I am now in the final stretch of the WOSTEP course and preparation for our final exams in July has begun. The final exams involve a written element and a practical element. The written element is theory paper that will test our knowledge and understanding of horology however it mainly focuses on the technical aspects that enable a timepiece to function. The practical element culminates in servicing 3 watches within a two day period, a quartz, an automatic and a chronograph. Of course these watches will contain faults that need to corrected because the exam is designed to test the watchmaking skills that have been learnt through the duration of the course.

In order to prepare us for the practical element of the final exams we have now begun to practice and perfect our servicing skills. Throughout the course we have had the chance to service a few movements namely the ETA trio of 6497/8, 955.112 and 2824 however most of the focus has been on the 6497/8. It’s origins as a pocket watch calibre make it ideal for learning for a number of reasons, it’s sheer size being the main advantage as most components are double the size of those found in the majority of watch movements.

The large size of the 6497/8 presents a whole host of advantages when trying to demonstrate how a watch movement works, how to inspect it and how to adjust it all, to a group of students that have mostly had no experience of any of these things. The WOSTEP course is clearly a well thought out training course and for this reason the 6497/8 features heavily throughout the course until the final stages. The reasoning being that the basic skills of a watchmaker are developed on this calibre before being transferred to the normal size calibre’s that are common throughout the industry. I have to say that this method works really well, I couldn’t begin to imagine starting the course with a 2824 or similar, trying to learn everything would have been a real struggle!

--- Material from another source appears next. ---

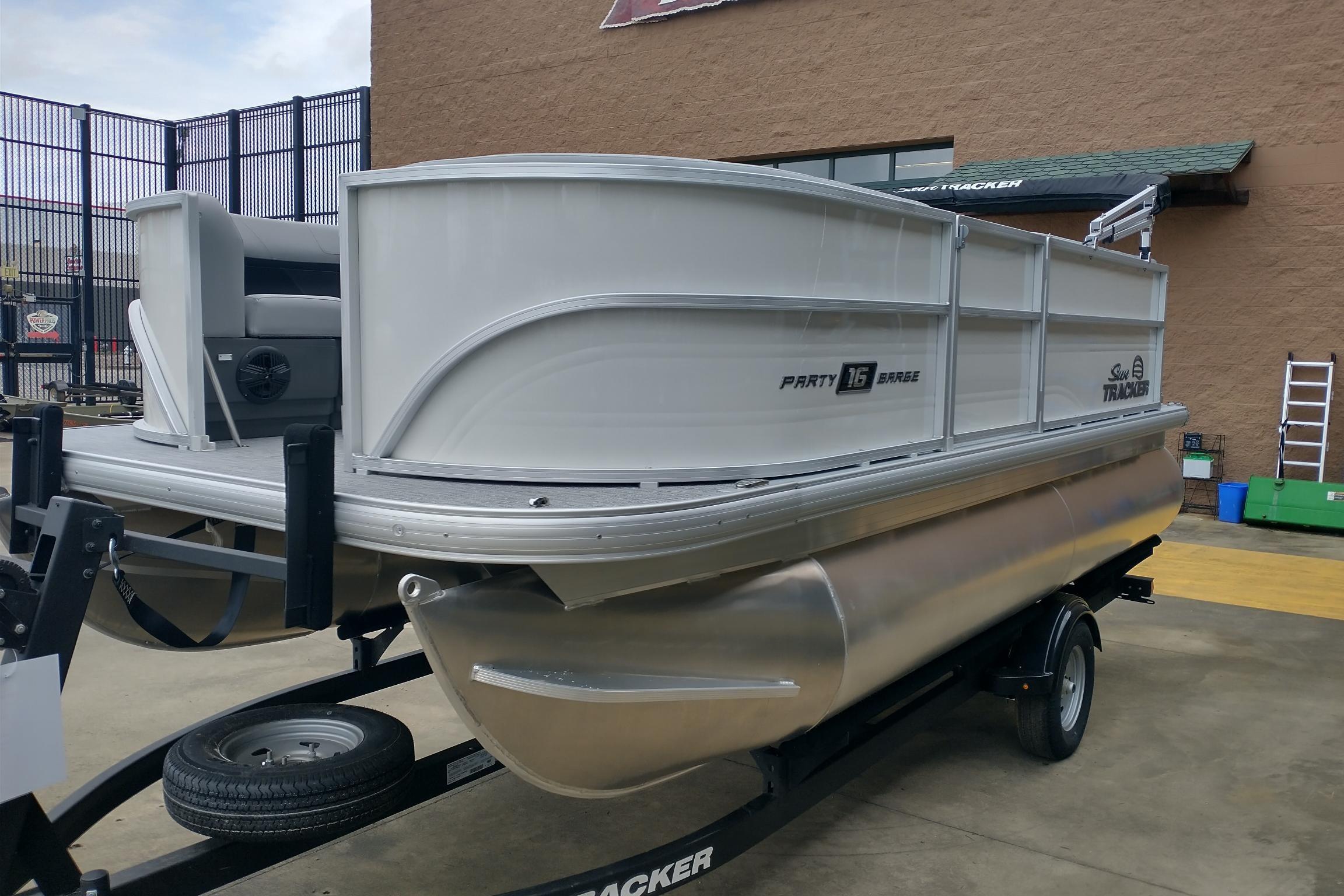 2026 Sun Tracker Party Barge 16 DLX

We had only serviced the 2824 and 955.112 a handful of times of each so practice as part of course on these normal sized calibre’s has been pretty limited. A number of us, including myself, have undertaken project watches of our own so we have gained some experience of working on smaller and more diverse calibre’s but our skills are clearly far from perfected. We should be able to service these calibre’s in a number of hours but mainly due to our lack of experience it has often taken days and in the case of some vintage watches, weeks!

Fellow student, Nikolai, hard at work…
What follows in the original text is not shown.